== Work required ==
Nothing except the pictures should be left out when you reproduce the listing exactly.

== Data extract ==

========================

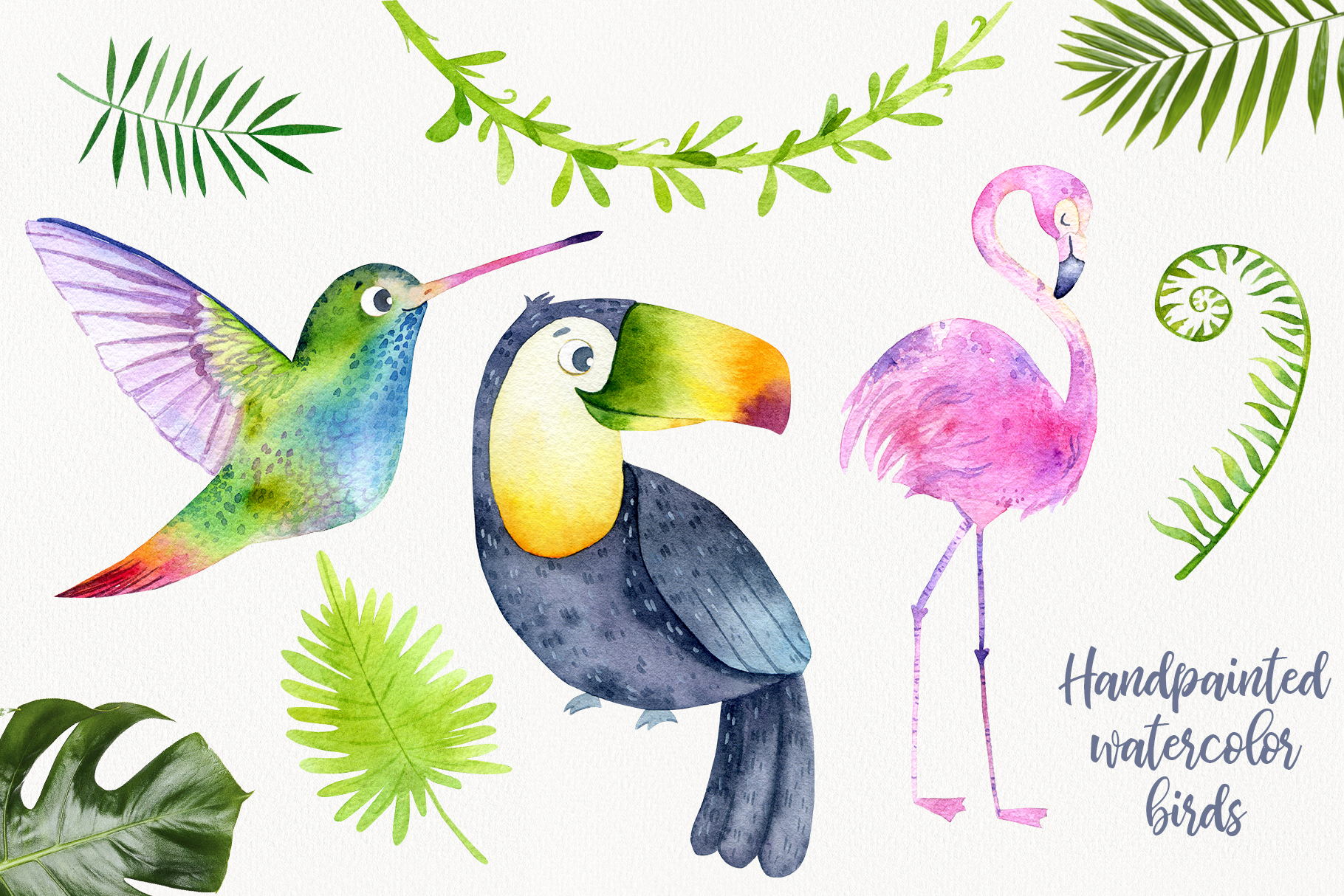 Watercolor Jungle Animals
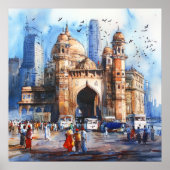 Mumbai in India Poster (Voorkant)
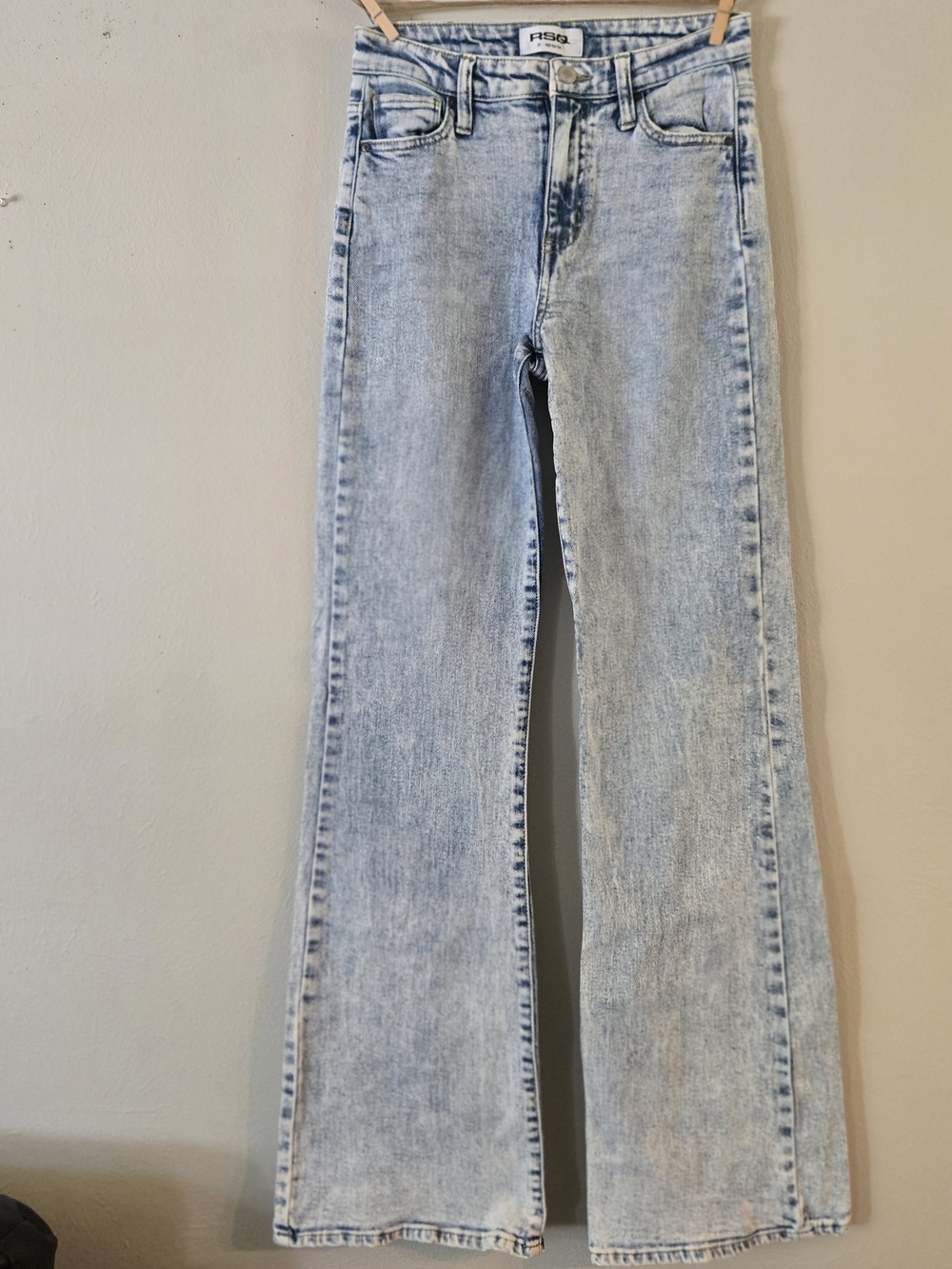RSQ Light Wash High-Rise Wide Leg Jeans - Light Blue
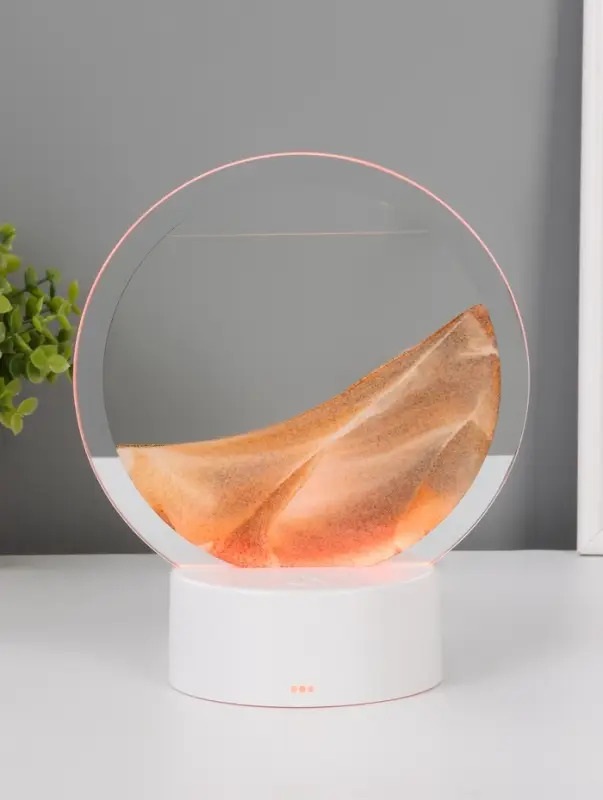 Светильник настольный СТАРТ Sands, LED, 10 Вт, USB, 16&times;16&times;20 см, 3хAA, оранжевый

========================

== Finished exercise ==
 Watercolor Jungle Animals
 Mumbai in India Poster (Voorkant)
RSQ Light Wash High-Rise Wide Leg Jeans - Light Blue
 Светильник настольный СТАРТ Sands, LED, 10 Вт, USB, 16&times;16&times;20 см, 3хAA, оранжевый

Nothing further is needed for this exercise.